Another delightful plus for the native Fenarian (and an enormous bonus for foreigners learning his language) is the uniformity of accent. Unlike English or Russian or even German, Fenarian stress is permanently fixed: on the first syllable of every word. Only those who toiled to acquire any of the above three languages can appreciate what a blessing it is to confront such regularity. Still, despite the uniformity of stress, Fenarian is an exceptionally musical language whose underlying principle is based on vowel harmony, a feature of the linguistic family to which it belongs.
The Fenarian alphabet proper consists of forty letters. Of these, twenty-six are consonants, but an additional five consonants, so as to include foreign words, give the language a total of forty-five characters. By the use of long and short diacritical marks (which have nothing to do with accent) over the customary vowels — a, e, i, o, and u — these five are expanded to fourteen vowels, enabling every Fenarian sound to have its own distinctive symbol. It is a phonetic tour de force.
An approximation of these vowel sounds in American pronunciation would be: a as in law; á as in father; e as in met; é as in the ay of day; i as in the ie of field; í as in the ee of bee (longer than the ie in field); o as in old; ó as in oh (longer than old); u as in rule; ú as in pool (longer than rule); ü represents a sound similar to the ü of German über or the u in French tu. For readers unfamiliar with these languages, ü can be thought of as a sound similar to i in English fin but pronounced through pursed lips. The ű is a longer and tenser version of this sound. The ö is very much like the ö of German schön or the eu of French meurt. Again, some readers not familiar with these languages may be guided by the hint that ö resembles the e of her, only tenser, and the ő is a longer and even tenser version of this same sound.
With the exception of c, j, and s, the consonants are by and large not too unlike those in English. The c (and in older proper names, the cz) is pronounced as ts in the word hits. The j has the sound of y in you. The s is like sh in she or the s in sure. The consonant combinations are as follows: cs is like the ch in church; sz as the s in sun; and zs as z in azure.

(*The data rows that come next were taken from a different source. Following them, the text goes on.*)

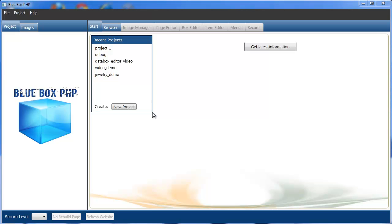Welcome to Blue Box PHP Tutorials. In this tutorial we're going to demonstrate how to create a sign-in box and set security, set secure settings for pages, boxes and individual items.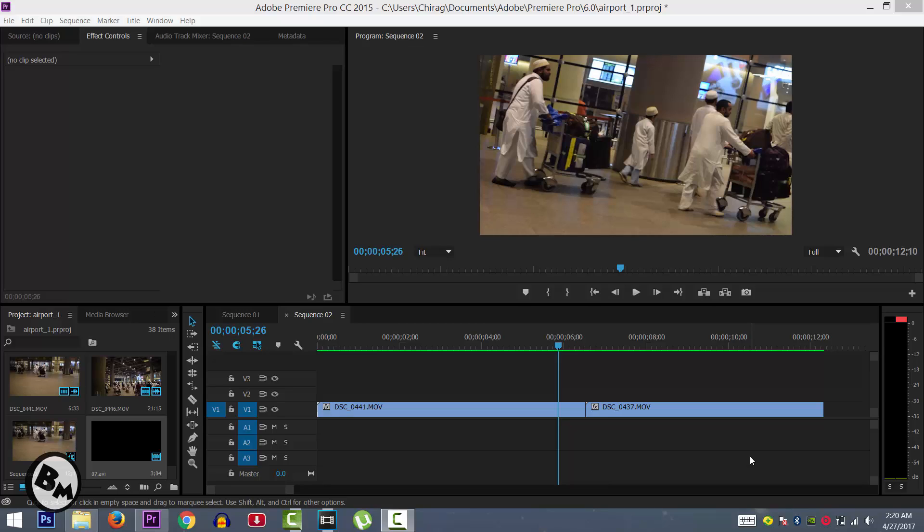What's up guys, it's me BoosterMindz. In this video I will tell you how you can use downloaded transitions in Adobe Premiere.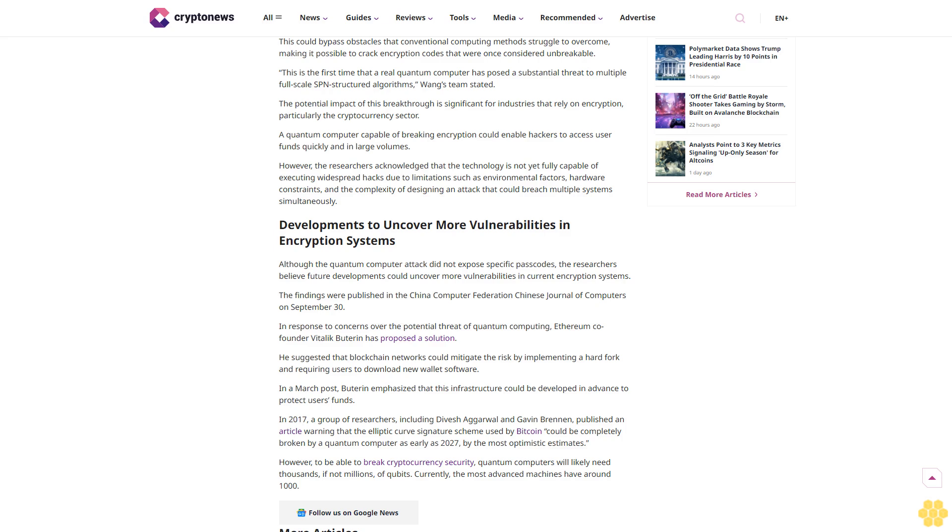Wang's research paper explained that quantum annealing functions similarly to artificial intelligence algorithms, optimizing solutions on a global scale. Unlike traditional algorithms that test every possible pathway, quantum tunneling enables particles to pass through barriers, allowing the quantum computer to find the solution more efficiently.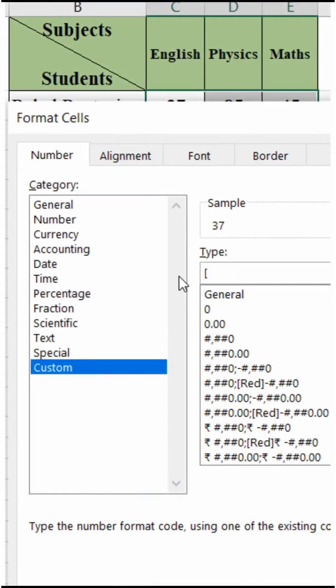For example, numbers which are less than 50 will be red, and numbers which are greater than or equal to 50 will be green. So here we will enter the conditions.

Finally, the letter y, except in old proper names — mainly family names — or in modern foreign loan words where it is equivalent to the English ie in field, appears only as part of consonant combinations and palatalizes or softens the preceding consonant. The gy in nagy (big) would be pronounced somewhat like the d and the y in the words mind you, when pronounced rapidly. The l in the combination ly as in the name of the composer Kodály is mute so that the second syllable rhymes with high. The consonants ny as in hanyag (negligent) and ty as in tyúk (hen) are sounded and the y in both cases approximates the y in you.
— W. Z. Brust
St. Paul, Minnesota
Author's Note: The names Devera, Alfredo, and in fact, Fenario, are not Fenarian, and one oughtn't use the above rules in pronouncing them.